> [TASK TO COMPLETE]
Please copy every record below exactly and leave out the pictures.

[Dataset items]
=-=-=
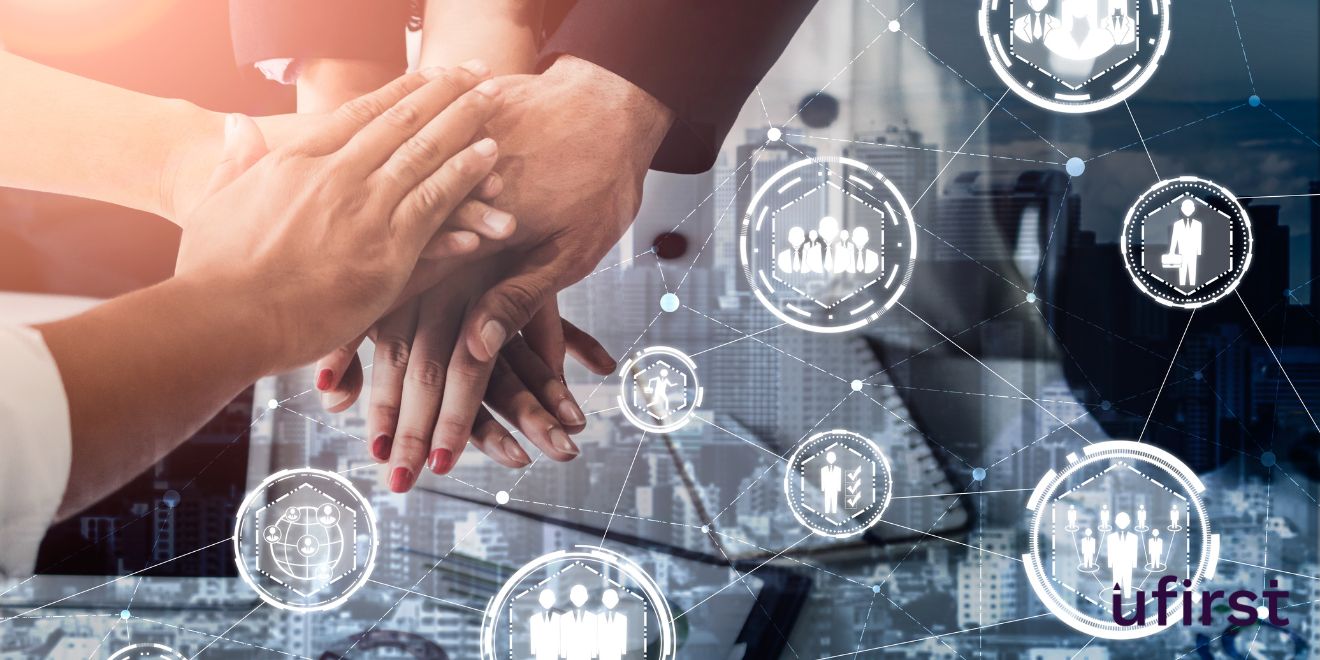 gestione-personale-pubblica-amministrazione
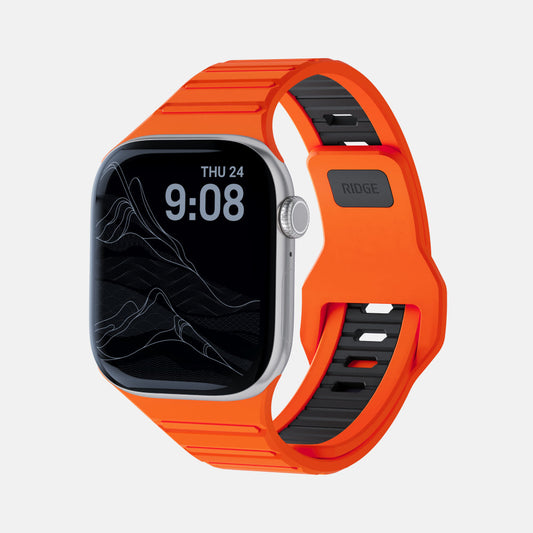 https://cdn.shopify.com/s/files/1/0613/6213/files/EverydayWatchStraps-Small-Orange-THUMBNAIL.jpg?v=1753854361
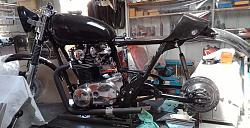 1974 XS/TX650 rebuild-d.jpg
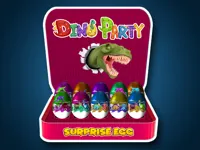 https://www.guolikb.com/game/surprise-egg-dino-party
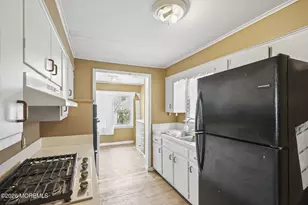 1826 Laurel Terrace, Belmar, NJ 07719 - Photo 6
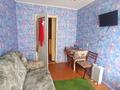 4-бөлмелі пәтер · 67 м² · 2/5 қабат, П.Корчагина — Маг. Лада, бағасы: 20 млн ₸ в Рудном — фото 2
=-=-=
> [TASK ANSWER]
 gestione-personale-pubblica-amministrazione
 https://cdn.shopify.com/s/files/1/0613/6213/files/EverydayWatchStraps-Small-Orange-THUMBNAIL.jpg?v=1753854361
 1974 XS/TX650 rebuild-d.jpg
 https://www.guolikb.com/game/surprise-egg-dino-party
 1826 Laurel Terrace, Belmar, NJ 07719 - Photo 6
 4-бөлмелі пәтер · 67 м² · 2/5 қабат, П.Корчагина — Маг. Лада, бағасы: 20 млн ₸ в Рудном — фото 2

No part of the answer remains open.